W
dniach 7-8 czerwca wyruszyliśmy na dwudniową wycieczkę do Ojcowa -
Tarnowskich Gór i Chorzowa. Podróż trwała kilka godzin, ale upłynęła
w miłej, wesołej atmosferze. Po dotarciu na miejsce, pierwszym
punktem programu była piesza wyprawa do Groty Łokietka. Pomimo
bardzo dużego upału i dość dużych wzniesień terenu podziwialiśmy
piękne, niezapomniane widoki Ojcowskiego Parku Narodowego. Następnie
udaliśmy się do Tarnowskich Gór, do Sztolni Czarnego Pstrąga.

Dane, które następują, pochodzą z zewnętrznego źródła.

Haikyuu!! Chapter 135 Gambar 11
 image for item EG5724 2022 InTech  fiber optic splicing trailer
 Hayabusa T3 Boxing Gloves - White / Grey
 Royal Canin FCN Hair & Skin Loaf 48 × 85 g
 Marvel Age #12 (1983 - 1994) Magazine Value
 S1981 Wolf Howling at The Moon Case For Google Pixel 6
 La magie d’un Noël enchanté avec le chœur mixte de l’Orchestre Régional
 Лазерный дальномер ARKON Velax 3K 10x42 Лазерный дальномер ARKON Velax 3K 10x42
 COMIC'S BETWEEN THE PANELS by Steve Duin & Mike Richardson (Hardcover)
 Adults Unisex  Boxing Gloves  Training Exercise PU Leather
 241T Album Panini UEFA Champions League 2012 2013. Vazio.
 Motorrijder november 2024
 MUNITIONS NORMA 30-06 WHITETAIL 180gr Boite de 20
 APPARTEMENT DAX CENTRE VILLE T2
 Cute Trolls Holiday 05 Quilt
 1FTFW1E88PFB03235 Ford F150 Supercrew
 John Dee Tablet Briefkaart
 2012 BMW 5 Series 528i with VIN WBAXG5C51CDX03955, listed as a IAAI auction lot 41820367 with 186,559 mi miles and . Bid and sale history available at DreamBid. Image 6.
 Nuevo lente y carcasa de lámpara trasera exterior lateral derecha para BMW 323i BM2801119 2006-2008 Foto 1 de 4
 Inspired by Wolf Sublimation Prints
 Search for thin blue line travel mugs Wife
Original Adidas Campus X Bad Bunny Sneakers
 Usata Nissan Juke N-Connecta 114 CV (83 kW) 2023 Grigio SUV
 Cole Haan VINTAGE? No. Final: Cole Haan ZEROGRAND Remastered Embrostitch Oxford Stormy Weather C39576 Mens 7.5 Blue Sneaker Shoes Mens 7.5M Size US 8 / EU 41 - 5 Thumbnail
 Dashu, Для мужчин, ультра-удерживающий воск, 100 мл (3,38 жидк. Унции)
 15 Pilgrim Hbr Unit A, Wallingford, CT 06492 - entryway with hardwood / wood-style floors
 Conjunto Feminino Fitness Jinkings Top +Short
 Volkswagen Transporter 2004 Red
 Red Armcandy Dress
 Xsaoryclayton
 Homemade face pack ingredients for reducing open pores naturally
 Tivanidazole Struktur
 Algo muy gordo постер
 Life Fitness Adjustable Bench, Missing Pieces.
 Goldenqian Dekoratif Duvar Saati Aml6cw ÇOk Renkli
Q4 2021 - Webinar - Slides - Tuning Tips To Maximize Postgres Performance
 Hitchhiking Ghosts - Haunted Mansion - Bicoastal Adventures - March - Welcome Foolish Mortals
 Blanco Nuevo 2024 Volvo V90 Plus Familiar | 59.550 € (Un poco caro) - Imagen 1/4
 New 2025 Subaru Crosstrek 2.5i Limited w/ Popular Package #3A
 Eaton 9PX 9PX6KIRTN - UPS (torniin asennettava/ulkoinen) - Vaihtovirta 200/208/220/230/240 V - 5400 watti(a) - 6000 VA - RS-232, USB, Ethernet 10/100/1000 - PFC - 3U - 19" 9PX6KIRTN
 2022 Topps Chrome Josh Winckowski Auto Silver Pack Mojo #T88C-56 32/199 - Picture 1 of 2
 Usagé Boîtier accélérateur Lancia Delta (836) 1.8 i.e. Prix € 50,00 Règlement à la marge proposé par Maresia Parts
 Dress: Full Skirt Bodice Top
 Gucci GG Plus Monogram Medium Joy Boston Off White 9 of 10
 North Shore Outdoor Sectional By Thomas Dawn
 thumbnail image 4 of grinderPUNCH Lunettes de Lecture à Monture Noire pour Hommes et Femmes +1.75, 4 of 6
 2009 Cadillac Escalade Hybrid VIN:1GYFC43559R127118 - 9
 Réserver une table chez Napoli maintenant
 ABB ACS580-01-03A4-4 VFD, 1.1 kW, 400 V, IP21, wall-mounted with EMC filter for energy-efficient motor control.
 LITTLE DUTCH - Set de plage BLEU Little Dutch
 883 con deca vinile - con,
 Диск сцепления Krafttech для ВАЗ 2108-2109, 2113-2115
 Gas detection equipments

Atrakcji było co niemiara: schodziliśmy szybem 20 m pod ziemię by
tam popłynąć łódkami wąskim chodnikiem w półmroku. Po tych
atrakcjach udaliśmy się na kwatery i obiadokolację. Następnego dnia
po śniadaniu pojechaliśmy do Chorzowa i tutaj spotkała nas niemiła
niespodzianka - bardzo ulewny deszcz. Musieliśmy zmienić nieco
harmonogram wycieczki. Zamiast zwiedzania Obserwatorium
astronomicznego oglądaliśmy sztuczne niebo umieszczone pod
23-metrową kopułą która stanowiła olbrzymi ekran. Następnie
wykorzystując chwilę bez deszczu udaliśmy się do Śląskiego ZOO.
Kulminacyjnym punktem naszej wycieczki miał być pobyt w wesołym
miasteczku - niestety z powodu złych warunków atmosferycznych Park
Rozrywki był nieczynny. Żal szybko minął po wizycie w McDonalds.
Późnym wieczorem zmęczeni ale bardzo zadowoleni przyjechaliśmy do
Krasnej.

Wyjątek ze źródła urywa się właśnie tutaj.